Concept | Build modes¶
Datasets in Dataiku often have dependencies on upstream datasets in the Flow. As a result, these downstream datasets can become outdated if changes are made to preceding datasets or recipes.
Dataiku offers many build methods to counter or prevent issues that may arise from these dependencies. But why so many options? Once you start scaling your datasets, you won’t want to run any unnecessary computation. This article outlines different build strategies that will help you build exactly what you need.
There are three main build modes to consider when building datasets in Dataiku.

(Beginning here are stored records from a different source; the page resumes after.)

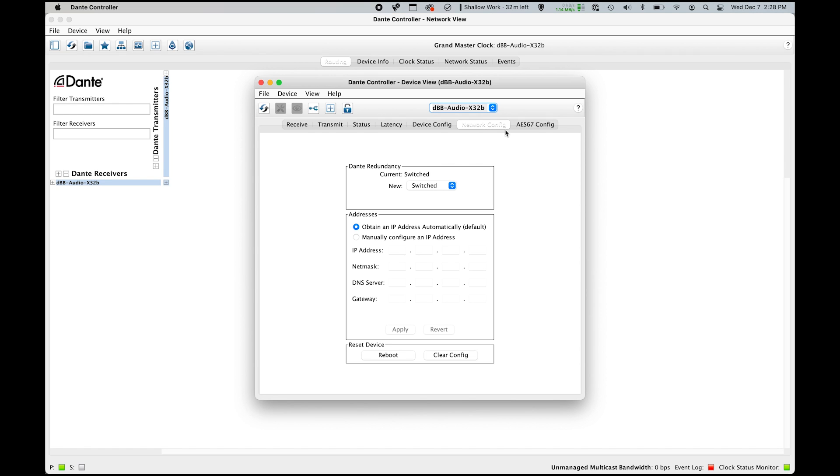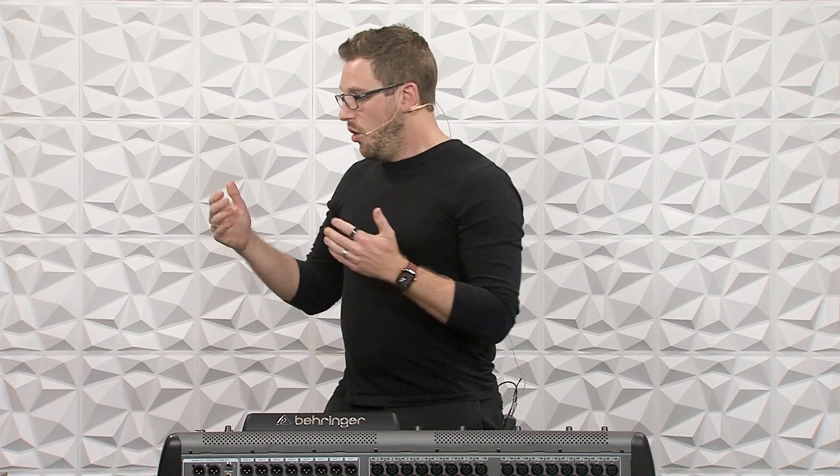On our secondary port, we have this Dante redundancy. What we're going to do is have this set to switched. When set to switched, that enables the console to have an IP network connection through the Dante card and through the Dante network. That way, anything you plug into the Dante network, you can put the X32 app — say X32 Edit — or if you had an iPad connected to your Dante network wirelessly, you could then control your X32 through the Dante network. Dante does not transmit wireless — it does not do wireless network audio — so we have to have it be an Ethernet connection.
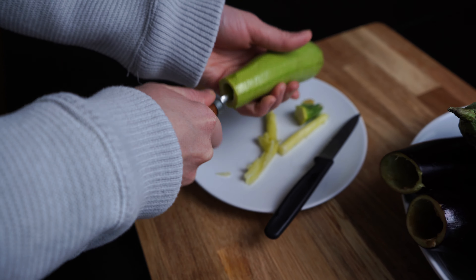The inside of the zucchini and eggplant is not thrown away. I will soon be making a video on how to cook a delicious meal out of it.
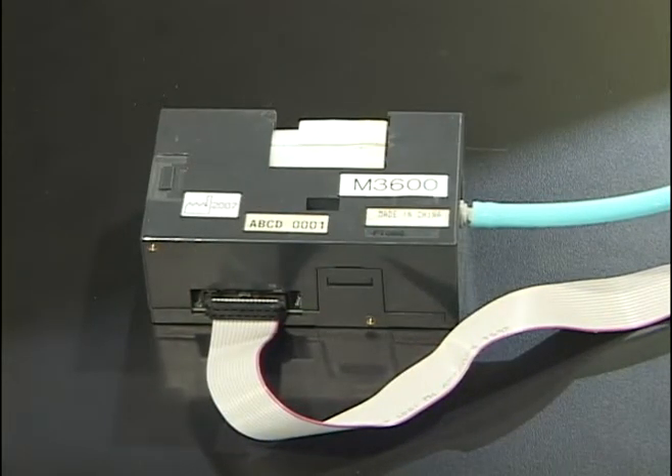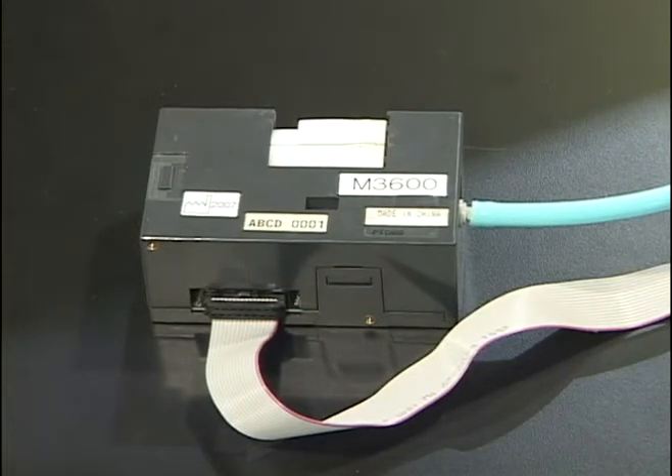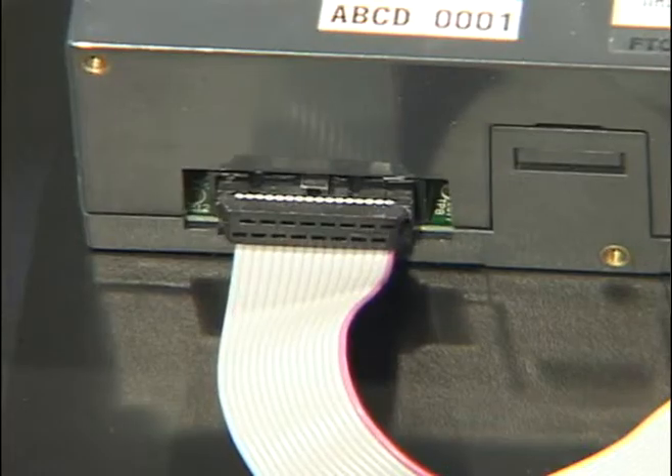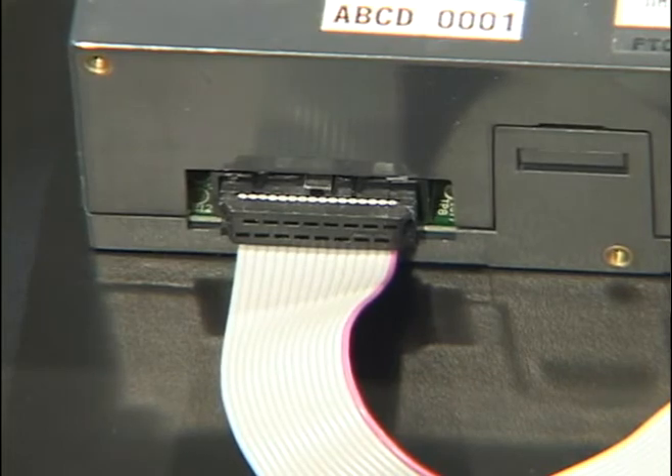This is the M3600 module non-invasive blood pressure device that can be installed in any medical product out there. For companies who don't want to develop their own non-invasive technology, you can simply take this and connect it into your device via an RS232 port, and it'll do all the work — take the blood pressure non-invasively.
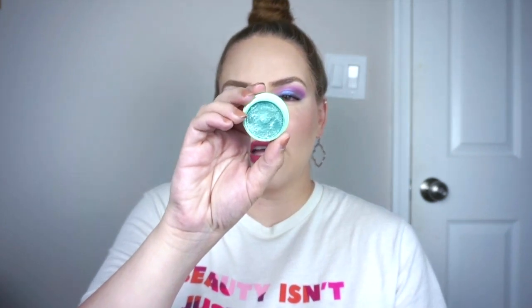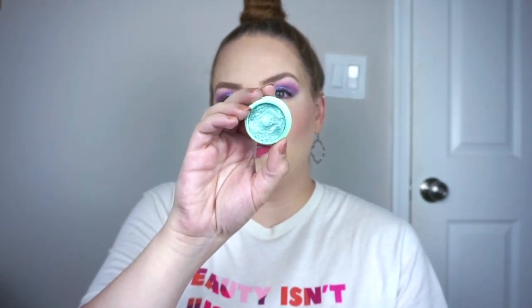Next I have a couple of eyeshadows. The first is the ColourPop Super Shock in Mint for You — it's a metallic finish and a beautiful color. I did like it when I wore it recently but it didn't blow me away. I've had it in my collection for a little while and I think I'm just slowly going to end up getting rid of all or most of my ColourPop Super Shocks this year. They used to be a huge love of mine but they're just not anymore. It's a beautiful mint, it's opaque, I would recommend it — I just don't think I need it.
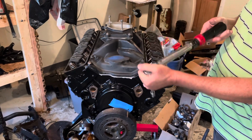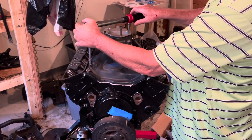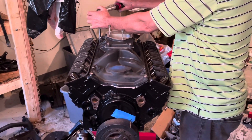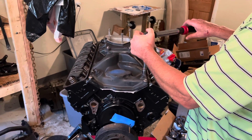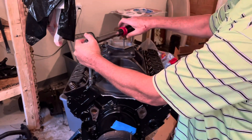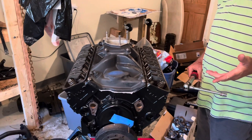I'm going to the second stage, and I've now got it set for 106 inch pounds. Going back to number one in sequence. I've now tightened all eight bolts in the second stage.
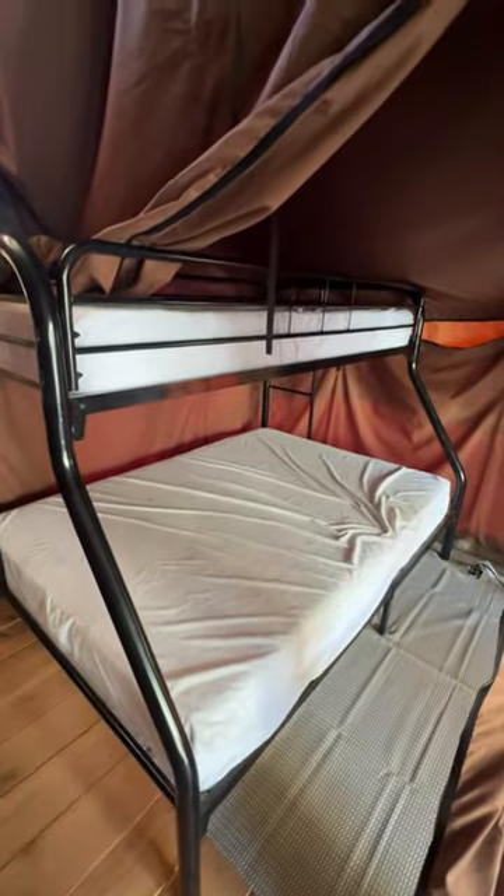Hey, what's up everyone, it's Jimone. Today we're looking at the steel frame black matte metal bunk beds, which are super cool. You have a single on top and then a full on the bottom, a full metal frame. There's a ladder on both sides — on this side there's a ladder to climb up.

The simplest way to build a dataset is by using the Build only this option. This is the default build option for all datasets aside from those at the beginning of the Flow. It only runs the specific recipe that outputs the dataset.
The Build upstream option builds the selected dataset and upstream datasets. There are two types of upstream builds:
This option will only build upstream datasets starting from the first outdated dataset. This way, you won’t have to rebuild the entire branch.
The Build downstream option builds downstream datasets. Let’s look at the Advanced settings.
This runs recipes from the selected dataset until the end of the Flow is reached. The selected dataset itself is not built.
A schema describes the structure of a dataset. It includes the list of columns and their respective names and storage types. Often, the schema of our datasets will change when designing the Flow. Dataiku provides a way to ensure that your schema changes are correctly applied to downstream datasets.
The Update output schemas option propagates the schema to output datasets before each recipe runs. This way, your data is built into the correct structure.
You can build the entire Flow using the Build all button in the Flow Actions menu. If you prefer, you can build a Flow zone using the Build button directly on the Flow zone instead.
The Rebuild behavior of a dataset lets us control how or if that dataset can be built.
For one, if we set the rebuild behavior of a dataset to Explicit, the dataset won’t be rebuilt unless we specifically choose to rebuild it. We can also make a dataset Write-protected so it never gets rebuilt.